» **Data records**:
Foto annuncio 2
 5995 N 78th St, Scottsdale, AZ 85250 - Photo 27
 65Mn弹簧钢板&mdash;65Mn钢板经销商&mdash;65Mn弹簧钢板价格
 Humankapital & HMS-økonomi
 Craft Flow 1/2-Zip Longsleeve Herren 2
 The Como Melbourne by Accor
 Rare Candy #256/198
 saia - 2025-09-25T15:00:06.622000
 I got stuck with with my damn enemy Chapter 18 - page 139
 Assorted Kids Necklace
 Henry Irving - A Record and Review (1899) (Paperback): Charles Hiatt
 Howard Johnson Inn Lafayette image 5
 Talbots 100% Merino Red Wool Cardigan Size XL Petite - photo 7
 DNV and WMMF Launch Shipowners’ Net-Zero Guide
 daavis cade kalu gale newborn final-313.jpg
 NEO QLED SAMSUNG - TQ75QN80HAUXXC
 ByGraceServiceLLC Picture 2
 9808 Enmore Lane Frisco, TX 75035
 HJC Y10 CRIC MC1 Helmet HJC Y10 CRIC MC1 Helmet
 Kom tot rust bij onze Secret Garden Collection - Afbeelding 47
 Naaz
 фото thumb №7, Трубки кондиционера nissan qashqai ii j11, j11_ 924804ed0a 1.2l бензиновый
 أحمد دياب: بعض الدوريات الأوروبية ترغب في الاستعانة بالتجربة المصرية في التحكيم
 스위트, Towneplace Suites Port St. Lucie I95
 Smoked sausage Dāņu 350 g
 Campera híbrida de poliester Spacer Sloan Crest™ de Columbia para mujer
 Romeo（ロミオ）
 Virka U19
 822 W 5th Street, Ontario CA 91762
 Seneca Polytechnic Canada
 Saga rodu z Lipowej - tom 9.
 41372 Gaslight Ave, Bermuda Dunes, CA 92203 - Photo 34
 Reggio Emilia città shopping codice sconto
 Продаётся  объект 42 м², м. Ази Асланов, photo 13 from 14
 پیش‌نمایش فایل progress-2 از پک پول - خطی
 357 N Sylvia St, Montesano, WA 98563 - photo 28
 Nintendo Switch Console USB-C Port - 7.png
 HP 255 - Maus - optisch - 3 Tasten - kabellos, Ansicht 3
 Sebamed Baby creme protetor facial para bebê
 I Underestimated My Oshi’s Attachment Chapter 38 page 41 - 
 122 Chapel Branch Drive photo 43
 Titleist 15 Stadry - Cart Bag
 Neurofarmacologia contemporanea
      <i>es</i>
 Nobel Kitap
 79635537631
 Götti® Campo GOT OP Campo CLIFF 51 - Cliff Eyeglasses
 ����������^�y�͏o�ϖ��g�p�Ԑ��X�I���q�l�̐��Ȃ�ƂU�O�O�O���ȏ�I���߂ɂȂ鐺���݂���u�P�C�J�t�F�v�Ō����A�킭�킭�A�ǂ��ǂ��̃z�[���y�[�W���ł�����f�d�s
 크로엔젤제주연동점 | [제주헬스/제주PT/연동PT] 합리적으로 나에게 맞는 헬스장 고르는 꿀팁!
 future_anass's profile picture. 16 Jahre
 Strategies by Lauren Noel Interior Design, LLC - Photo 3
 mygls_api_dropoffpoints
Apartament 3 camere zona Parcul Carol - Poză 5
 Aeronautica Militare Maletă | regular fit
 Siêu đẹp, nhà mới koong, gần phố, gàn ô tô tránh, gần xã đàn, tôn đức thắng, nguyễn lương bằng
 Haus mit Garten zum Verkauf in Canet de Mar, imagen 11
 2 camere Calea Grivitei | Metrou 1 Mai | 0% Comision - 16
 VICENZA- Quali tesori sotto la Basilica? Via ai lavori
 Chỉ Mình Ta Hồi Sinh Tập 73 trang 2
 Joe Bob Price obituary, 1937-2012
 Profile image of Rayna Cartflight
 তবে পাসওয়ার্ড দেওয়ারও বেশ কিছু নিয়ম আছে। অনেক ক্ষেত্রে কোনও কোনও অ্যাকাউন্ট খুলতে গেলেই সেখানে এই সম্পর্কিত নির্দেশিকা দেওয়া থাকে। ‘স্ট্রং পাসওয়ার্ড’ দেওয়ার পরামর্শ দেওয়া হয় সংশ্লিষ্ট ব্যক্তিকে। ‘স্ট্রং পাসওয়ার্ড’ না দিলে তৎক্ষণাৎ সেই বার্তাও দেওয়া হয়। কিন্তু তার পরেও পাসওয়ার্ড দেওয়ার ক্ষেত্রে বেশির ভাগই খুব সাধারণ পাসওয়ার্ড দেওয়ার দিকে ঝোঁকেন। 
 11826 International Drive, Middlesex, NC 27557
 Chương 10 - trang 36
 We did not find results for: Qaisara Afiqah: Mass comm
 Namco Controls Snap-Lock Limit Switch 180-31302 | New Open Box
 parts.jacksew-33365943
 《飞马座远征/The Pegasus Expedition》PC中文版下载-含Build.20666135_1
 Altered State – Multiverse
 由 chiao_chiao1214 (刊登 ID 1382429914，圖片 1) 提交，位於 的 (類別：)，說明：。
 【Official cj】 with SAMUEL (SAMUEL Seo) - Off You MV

» **Exercise objective**: Without omitting anything, output the data verbatim.

» **Task result**:
Foto annuncio 2
 5995 N 78th St, Scottsdale, AZ 85250 - Photo 27
 65Mn弹簧钢板&mdash;65Mn钢板经销商&mdash;65Mn弹簧钢板价格
 Humankapital & HMS-økonomi
 Craft Flow 1/2-Zip Longsleeve Herren 2
 The Como Melbourne by Accor
 Rare Candy #256/198
 saia - 2025-09-25T15:00:06.622000
 I got stuck with with my damn enemy Chapter 18 - page 139
 Assorted Kids Necklace
 Henry Irving - A Record and Review (1899) (Paperback): Charles Hiatt
 Howard Johnson Inn Lafayette image 5
 Talbots 100% Merino Red Wool Cardigan Size XL Petite - photo 7
 DNV and WMMF Launch Shipowners’ Net-Zero Guide
 daavis cade kalu gale newborn final-313.jpg
 NEO QLED SAMSUNG - TQ75QN80HAUXXC
 ByGraceServiceLLC Picture 2
 9808 Enmore Lane Frisco, TX 75035
 HJC Y10 CRIC MC1 Helmet HJC Y10 CRIC MC1 Helmet
 Kom tot rust bij onze Secret Garden Collection - Afbeelding 47
 Naaz
 фото thumb №7, Трубки кондиционера nissan qashqai ii j11, j11_ 924804ed0a 1.2l бензиновый
 أحمد دياب: بعض الدوريات الأوروبية ترغب في الاستعانة بالتجربة المصرية في التحكيم
 스위트, Towneplace Suites Port St. Lucie I95
 Smoked sausage Dāņu 350 g
 Campera híbrida de poliester Spacer Sloan Crest™ de Columbia para mujer
 Romeo（ロミオ）
 Virka U19
 822 W 5th Street, Ontario CA 91762
 Seneca Polytechnic Canada
 Saga rodu z Lipowej - tom 9.
 41372 Gaslight Ave, Bermuda Dunes, CA 92203 - Photo 34
 Reggio Emilia città shopping codice sconto
 Продаётся  объект 42 м², м. Ази Асланов, photo 13 from 14
 پیش‌نمایش فایل progress-2 از پک پول - خطی
 357 N Sylvia St, Montesano, WA 98563 - photo 28
 Nintendo Switch Console USB-C Port - 7.png
 HP 255 - Maus - optisch - 3 Tasten - kabellos, Ansicht 3
 Sebamed Baby creme protetor facial para bebê
 I Underestimated My Oshi’s Attachment Chapter 38 page 41 - 
 122 Chapel Branch Drive photo 43
 Titleist 15 Stadry - Cart Bag
 Neurofarmacologia contemporanea
      <i>es</i>
 Nobel Kitap
 79635537631
 Götti® Campo GOT OP Campo CLIFF 51 - Cliff Eyeglasses
 ����������^�y�͏o�ϖ��g�p�Ԑ��X�I���q�l�̐��Ȃ�ƂU�O�O�O���ȏ�I���߂ɂȂ鐺���݂���u�P�C�J�t�F�v�Ō����A�킭�킭�A�ǂ��ǂ��̃z�[���y�[�W���ł�����f�d�s
 크로엔젤제주연동점 | [제주헬스/제주PT/연동PT] 합리적으로 나에게 맞는 헬스장 고르는 꿀팁!
 future_anass's profile picture. 16 Jahre
 Strategies by Lauren Noel Interior Design, LLC - Photo 3
 mygls_api_dropoffpoints
Apartament 3 camere zona Parcul Carol - Poză 5
 Aeronautica Militare Maletă | regular fit
 Siêu đẹp, nhà mới koong, gần phố, gàn ô tô tránh, gần xã đàn, tôn đức thắng, nguyễn lương bằng
 Haus mit Garten zum Verkauf in Canet de Mar, imagen 11
 2 camere Calea Grivitei | Metrou 1 Mai | 0% Comision - 16
 VICENZA- Quali tesori sotto la Basilica? Via ai lavori
 Chỉ Mình Ta Hồi Sinh Tập 73 trang 2
 Joe Bob Price obituary, 1937-2012
 Profile image of Rayna Cartflight
 তবে পাসওয়ার্ড দেওয়ারও বেশ কিছু নিয়ম আছে। অনেক ক্ষেত্রে কোনও কোনও অ্যাকাউন্ট খুলতে গেলেই সেখানে এই সম্পর্কিত নির্দেশিকা দেওয়া থাকে। ‘স্ট্রং পাসওয়ার্ড’ দেওয়ার পরামর্শ দেওয়া হয় সংশ্লিষ্ট ব্যক্তিকে। ‘স্ট্রং পাসওয়ার্ড’ না দিলে তৎক্ষণাৎ সেই বার্তাও দেওয়া হয়। কিন্তু তার পরেও পাসওয়ার্ড দেওয়ার ক্ষেত্রে বেশির ভাগই খুব সাধারণ পাসওয়ার্ড দেওয়ার দিকে ঝোঁকেন। 
 11826 International Drive, Middlesex, NC 27557
 Chương 10 - trang 36
 We did not find results for: Qaisara Afiqah: Mass comm
 Namco Controls Snap-Lock Limit Switch 180-31302 | New Open Box
 parts.jacksew-33365943
 《飞马座远征/The Pegasus Expedition》PC中文版下载-含Build.20666135_1
 Altered State – Multiverse
 由 chiao_chiao1214 (刊登 ID 1382429914，圖片 1) 提交，位於 的 (類別：)，說明：。
 【Official cj】 with SAMUEL (SAMUEL Seo) - Off You MV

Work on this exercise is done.